*ABOUT THIS TASK*:
Output only the lines that run from the line holding "this 1024×768 image." to the end of the data below, including both ends, without any pictures.
[[ AVAILABLE RECORDS open ]]
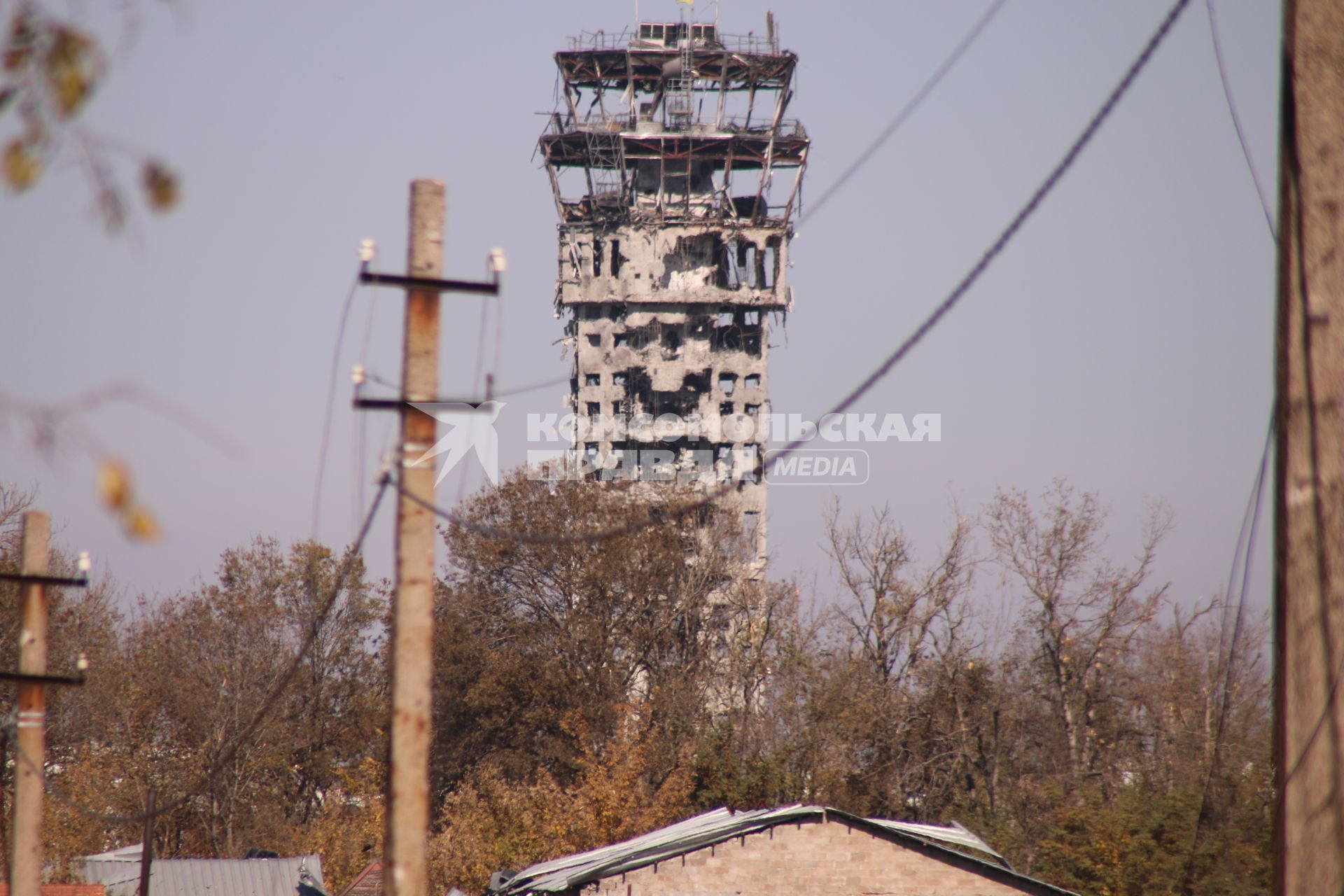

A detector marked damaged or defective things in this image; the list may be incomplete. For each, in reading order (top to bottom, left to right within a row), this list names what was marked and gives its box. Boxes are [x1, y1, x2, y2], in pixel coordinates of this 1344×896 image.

damaged control tower [538, 14, 806, 564]
damaged roof [489, 806, 1075, 896]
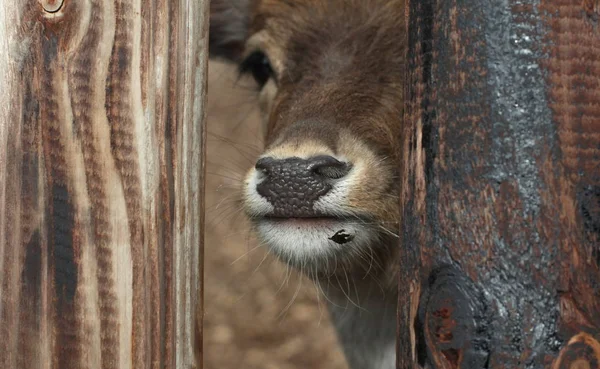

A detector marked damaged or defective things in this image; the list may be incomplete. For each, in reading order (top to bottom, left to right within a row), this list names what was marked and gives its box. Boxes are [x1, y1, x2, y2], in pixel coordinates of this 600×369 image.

dark charred wooden post [0, 0, 207, 368]
rust stain on wood [0, 0, 207, 368]
dark charred wooden post [398, 0, 600, 368]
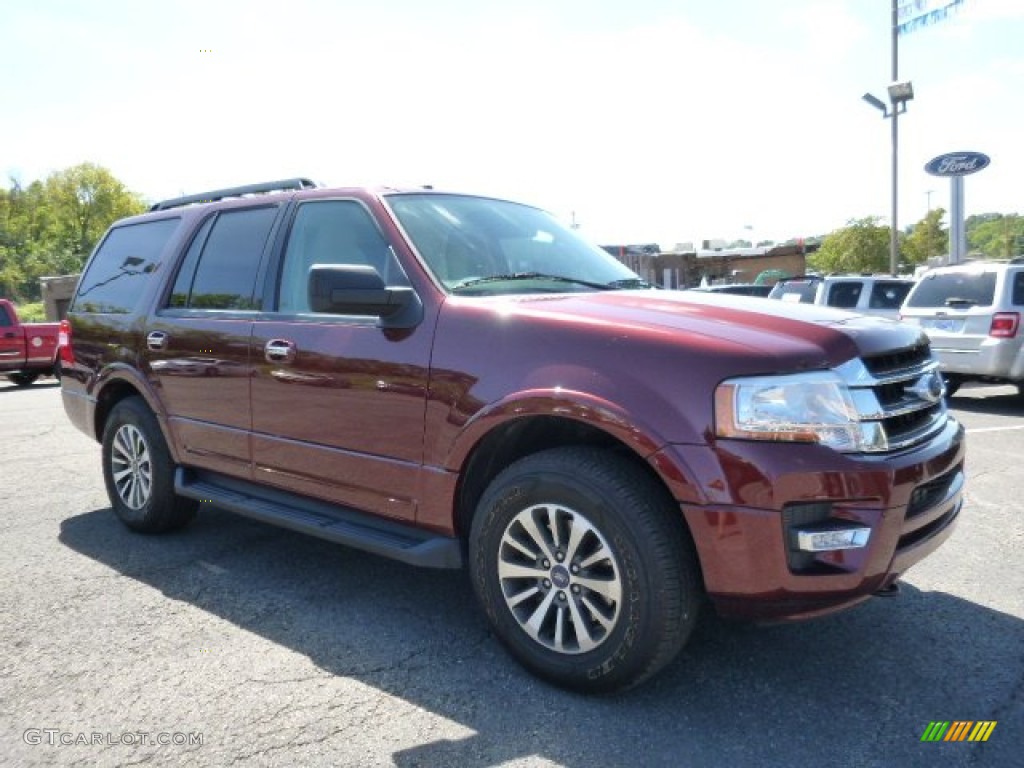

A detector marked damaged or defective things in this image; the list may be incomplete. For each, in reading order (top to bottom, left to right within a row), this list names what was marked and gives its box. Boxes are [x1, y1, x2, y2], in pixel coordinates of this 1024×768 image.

cracked pavement [0, 382, 1019, 765]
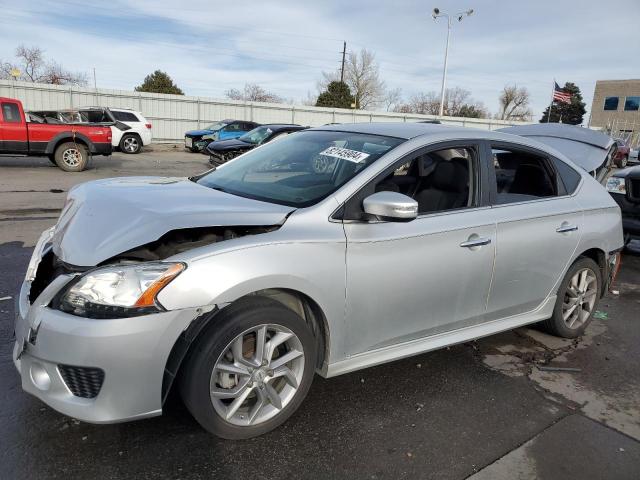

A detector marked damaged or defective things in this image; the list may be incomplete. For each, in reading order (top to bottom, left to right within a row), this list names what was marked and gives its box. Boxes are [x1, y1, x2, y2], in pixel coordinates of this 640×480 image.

crumpled front bumper [13, 232, 202, 424]
wrecked vehicle [15, 123, 624, 438]
damaged silver sedan [15, 123, 624, 438]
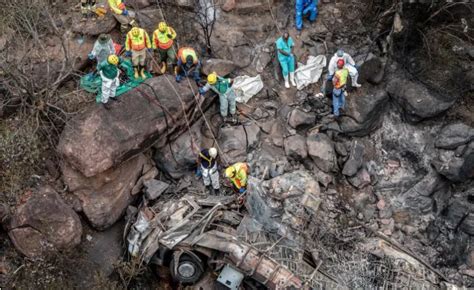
[[ AVAILABLE RECORDS closed ]]
*SOLUTION FOR THIS PROBLEM*:
A detector marked damaged or defective things in this image; the list may be incomplete. For each, in reading order (top to bottom, left to right within a row), this list names what was marked and gives its box. Boxes are [x1, y1, x2, y2], in pixel coordinates of this 1024×768 image.

cracked pavement [0, 382, 1019, 765]

A detector marked damaged or defective things in this image; the list may be incomplete. For each, in reading order (top to bottom, left to right within a row), this list names what was marked and gives its box. Boxes are [x1, y1, x2, y2], in pixel coordinates of this 640×480 image.

crumpled front bumper [13, 232, 202, 424]
wrecked vehicle [15, 123, 624, 438]
damaged silver sedan [15, 123, 624, 438]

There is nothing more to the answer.